简介:Pr2Fe14B-La2Fe14B系统被衍射(XRD),微分扫描热量测定(DSC)和扫描电子显微镜学(SEM)与精力装备了的X光检查粉末调查散X光检查光谱学(版本)。水晶结构参数被完整侧面的Rietveld精炼决定。结果揭示了那所有合金(Pr1-xLax)2Fe14B使Nd2Fe14有空格组P42/mnm的B类型结构并且形成了连续固体在x=0.0之间的解决方案并且1.0。格子参数一,c,单位房间体积V和c/a比率与La集中线性地增加了。由thermogravimetry分析决定了,居里温度(TC),阶段转变温度和融化的温度(Pr1-xLax)2Fe14B在La内容之上线性地减少了。基于DSC大小和X光检查粉末衍射考试的结果,Pr2Fe14B-La2Fe14B系统被建立。

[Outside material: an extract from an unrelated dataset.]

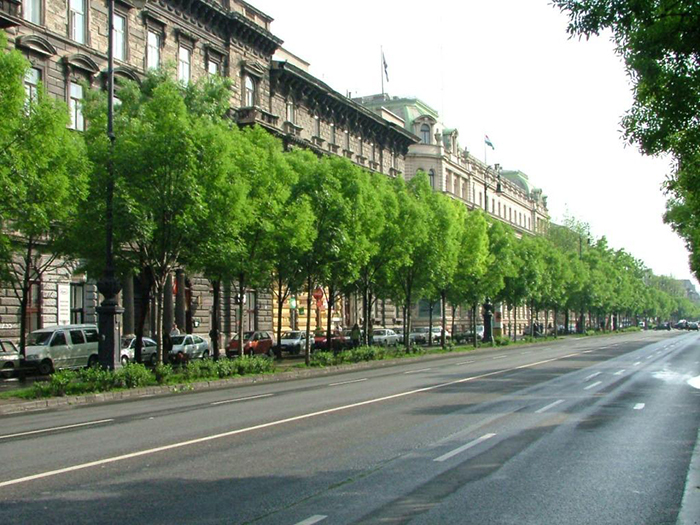 Проспект Андраши в Будапеште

简介:FenanowirearraywithstrongshapeanisotropywasemployedasthesoftphaseinNd-Fe-Bbasednanocomposites.TheeffectsoftheFenanowiredistributiononmagneticpropertiesofthenanocompositeswereinvestigatedbymicromagneticsimulation.TheresultsindicatethattheshapeanisotropyofFewiresaddedinthesamedirectionastheuniaxialmagnetocrystallineanisotropyofthehardphasecannotincreasethecoercivityofthenanocomposite.Whenthenanowiresaredistributedperpendiculartotheeasyaxisofthehardphase,theshapeanisotropyofsoftphasecanretardthemomentsfromrotatingtothefullreverseddirection,leadingtoenhancedcoercivity.Inaddition,withincreasingthenanowirediameter,thecoercivityofthenanocompositedecreases,butthedipolarinteractionshowsdifferentrolesinmagneticreversalofnanocompositefordifferentdistributionsofnanowires.ThecurrentresultssuggestthatthecoercivityoftheNd2Fe14B/α-Fenanocompositecanbeenhancedbyintroducingthesoftmagneticnanowirearraywiththediameterlessthantheexchangelengthandwiththelongaxisalongthedirectionotherthantheeasyaxisofhardphase.